Também é aos anos pedalando pela cidade que Francisco atribui a longevidade. Ativo até hoje, ele ainda dirige e vai sozinho para a hidroginástica, atividade que pratica há 20 anos, quando o trânsito da cidade ficou perigoso para quem circula em 2 rodas e amiga de tantos anos foi aposentada.

Francisco e a esposa Dália tiveram 4 filhos homens e 3 mulheres, todos criados no endereço em que vivem até hoje. Viúvo há quase 2 anos, foram mais de 50 de companheirismo, dividindo a rotina do dia a dia e a luta para dar uma vida decente à família. “Meu pai não dividiu os bens entre os filhos, a casa ficou pronta em 30 dias, mas levei 5 anos pagando R$ 500 todos os meses para o banco, com juros, certinho até ficar livre da dívida”, conta.

A casa amarela preserva a mesma fachada de quando foi construída e é abrigo para a história de Francisco (Foto: Kimberly Teodoro)
A casa amarela preserva a mesma fachada de quando foi construída e é abrigo para a história de Francisco (Foto: Kimberly Teodoro)

O exemplo para uma vida de dedicação à família veio dos próprios pais, Francisco é o 2º filho mais velho do casal Gueshin Nakasone e Kana Nakasone, entre os 7 filhos do casal, a responsabilidade de guardar a trajetória dos pais é dele. “Hoje, as pessoas que conhecem as histórias das primeiras famílias de japoneses são poucas e não têm escrito, a maioria acaba se perdendo”, lamenta. “Meu pai era tradicional, nunca falou das dificuldades e sofrimentos da vida antes de chegar aqui, o que eu sei é que quando ele chegou aqui não falava a língua e nem conhecia ninguém, mas a união da colônia sempre foi muito forte e os japoneses se ajudavam. Tudo o que temos hoje foi construído aos poucos, conquistado com trabalho duro”.
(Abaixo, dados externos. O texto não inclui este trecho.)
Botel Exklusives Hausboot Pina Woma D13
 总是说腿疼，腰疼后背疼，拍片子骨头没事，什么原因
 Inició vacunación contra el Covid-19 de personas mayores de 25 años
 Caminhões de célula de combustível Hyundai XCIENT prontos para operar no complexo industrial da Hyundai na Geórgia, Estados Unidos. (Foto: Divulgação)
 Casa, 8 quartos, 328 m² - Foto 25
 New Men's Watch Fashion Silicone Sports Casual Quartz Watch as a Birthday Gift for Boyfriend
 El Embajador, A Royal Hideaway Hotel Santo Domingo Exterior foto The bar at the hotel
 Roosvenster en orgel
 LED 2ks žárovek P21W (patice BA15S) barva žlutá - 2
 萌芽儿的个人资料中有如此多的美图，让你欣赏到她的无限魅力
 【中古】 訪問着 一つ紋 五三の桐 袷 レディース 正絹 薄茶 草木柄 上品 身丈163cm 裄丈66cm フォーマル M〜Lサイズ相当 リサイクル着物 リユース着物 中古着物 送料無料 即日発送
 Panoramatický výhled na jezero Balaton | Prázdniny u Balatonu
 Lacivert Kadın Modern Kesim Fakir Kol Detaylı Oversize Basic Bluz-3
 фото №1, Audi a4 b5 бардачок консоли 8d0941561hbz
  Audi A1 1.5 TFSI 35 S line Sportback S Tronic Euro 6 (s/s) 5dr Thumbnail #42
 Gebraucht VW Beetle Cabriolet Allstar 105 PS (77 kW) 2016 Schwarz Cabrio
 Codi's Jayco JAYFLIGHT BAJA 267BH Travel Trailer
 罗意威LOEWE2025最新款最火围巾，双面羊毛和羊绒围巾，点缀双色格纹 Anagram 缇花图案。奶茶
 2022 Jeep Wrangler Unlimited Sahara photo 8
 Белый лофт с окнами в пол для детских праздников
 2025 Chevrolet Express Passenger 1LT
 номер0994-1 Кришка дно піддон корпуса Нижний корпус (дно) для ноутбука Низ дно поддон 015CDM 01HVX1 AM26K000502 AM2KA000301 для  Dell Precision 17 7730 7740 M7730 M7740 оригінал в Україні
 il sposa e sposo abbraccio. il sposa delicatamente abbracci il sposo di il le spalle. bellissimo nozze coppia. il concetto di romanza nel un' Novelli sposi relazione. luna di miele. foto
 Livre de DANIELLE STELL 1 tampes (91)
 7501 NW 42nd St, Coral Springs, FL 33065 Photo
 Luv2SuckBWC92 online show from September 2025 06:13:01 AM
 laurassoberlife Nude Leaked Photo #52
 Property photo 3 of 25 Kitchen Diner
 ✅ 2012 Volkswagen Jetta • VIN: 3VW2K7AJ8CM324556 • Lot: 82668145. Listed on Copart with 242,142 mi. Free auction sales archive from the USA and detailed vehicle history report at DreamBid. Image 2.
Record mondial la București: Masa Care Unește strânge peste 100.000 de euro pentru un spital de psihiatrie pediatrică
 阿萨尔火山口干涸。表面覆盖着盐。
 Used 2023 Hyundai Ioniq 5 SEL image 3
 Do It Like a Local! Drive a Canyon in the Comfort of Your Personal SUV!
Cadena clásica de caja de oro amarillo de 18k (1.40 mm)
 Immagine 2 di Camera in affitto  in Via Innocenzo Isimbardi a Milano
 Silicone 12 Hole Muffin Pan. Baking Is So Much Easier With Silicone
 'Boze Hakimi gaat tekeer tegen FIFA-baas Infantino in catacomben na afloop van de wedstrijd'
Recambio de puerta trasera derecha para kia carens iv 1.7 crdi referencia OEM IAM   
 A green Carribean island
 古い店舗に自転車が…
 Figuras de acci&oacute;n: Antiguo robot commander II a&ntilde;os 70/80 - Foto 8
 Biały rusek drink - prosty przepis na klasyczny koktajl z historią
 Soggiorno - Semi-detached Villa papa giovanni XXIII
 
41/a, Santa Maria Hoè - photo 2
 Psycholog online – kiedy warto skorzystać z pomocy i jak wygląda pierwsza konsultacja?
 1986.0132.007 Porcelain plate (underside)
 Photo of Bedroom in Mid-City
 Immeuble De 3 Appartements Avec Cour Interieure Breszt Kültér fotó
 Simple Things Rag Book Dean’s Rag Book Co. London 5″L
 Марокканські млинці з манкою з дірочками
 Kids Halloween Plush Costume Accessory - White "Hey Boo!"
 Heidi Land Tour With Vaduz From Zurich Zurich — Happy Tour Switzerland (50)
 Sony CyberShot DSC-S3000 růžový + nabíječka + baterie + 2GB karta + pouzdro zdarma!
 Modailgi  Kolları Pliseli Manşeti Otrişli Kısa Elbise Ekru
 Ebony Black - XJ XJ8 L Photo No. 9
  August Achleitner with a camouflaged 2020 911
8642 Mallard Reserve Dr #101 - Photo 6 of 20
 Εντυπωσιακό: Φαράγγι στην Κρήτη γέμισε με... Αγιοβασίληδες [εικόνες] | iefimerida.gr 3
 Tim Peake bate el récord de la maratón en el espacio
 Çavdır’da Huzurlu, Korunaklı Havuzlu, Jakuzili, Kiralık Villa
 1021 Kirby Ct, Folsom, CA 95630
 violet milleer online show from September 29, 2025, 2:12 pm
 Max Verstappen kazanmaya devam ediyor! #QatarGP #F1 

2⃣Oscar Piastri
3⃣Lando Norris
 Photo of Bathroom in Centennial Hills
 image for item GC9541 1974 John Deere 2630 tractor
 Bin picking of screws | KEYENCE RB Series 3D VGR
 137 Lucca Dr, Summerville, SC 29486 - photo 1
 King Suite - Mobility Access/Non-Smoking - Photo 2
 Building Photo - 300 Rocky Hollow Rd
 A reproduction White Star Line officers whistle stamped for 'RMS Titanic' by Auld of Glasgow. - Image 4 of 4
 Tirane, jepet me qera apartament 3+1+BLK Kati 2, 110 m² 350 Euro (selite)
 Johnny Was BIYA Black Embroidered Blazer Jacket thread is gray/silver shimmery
Para ele, a lembrança dos pais é clara. Gueshin era um homem tradicional, trabalhador e que valorizava a disciplina. Nunca foi de reclamar ou falar da terra natal com saudade. A vida que escolheu construir foi aqui. Já Kana era o pilar da família. Dona de casa, a responsabilidade de administrar os filhos e a casa sempre foi dela.

“Era uma mulher forte, chegou aqui sem falar nada de português, não sabia como pedir um copo de água ou comprar leite no mercado quando precisava, foi ela quem sentiu mais saudade de casa. Mas aprendeu rápido e ficou muito boa em identificar as pessoas, ela conhecia todo mundo e na hora de contratar gente para trabalhar na lavoura, o que contava era a opinião dela. O maior sonho dela era voltar ao Japão, visitar uma cunhada que ficou lá e ver Okinawa de novo, em 1982 consegui realizar esse sonho e ela foi com um tio meu anos antes de morrer, foram 2 anos pagando a viagem, mas cada parcela valeu a pena”, relembra.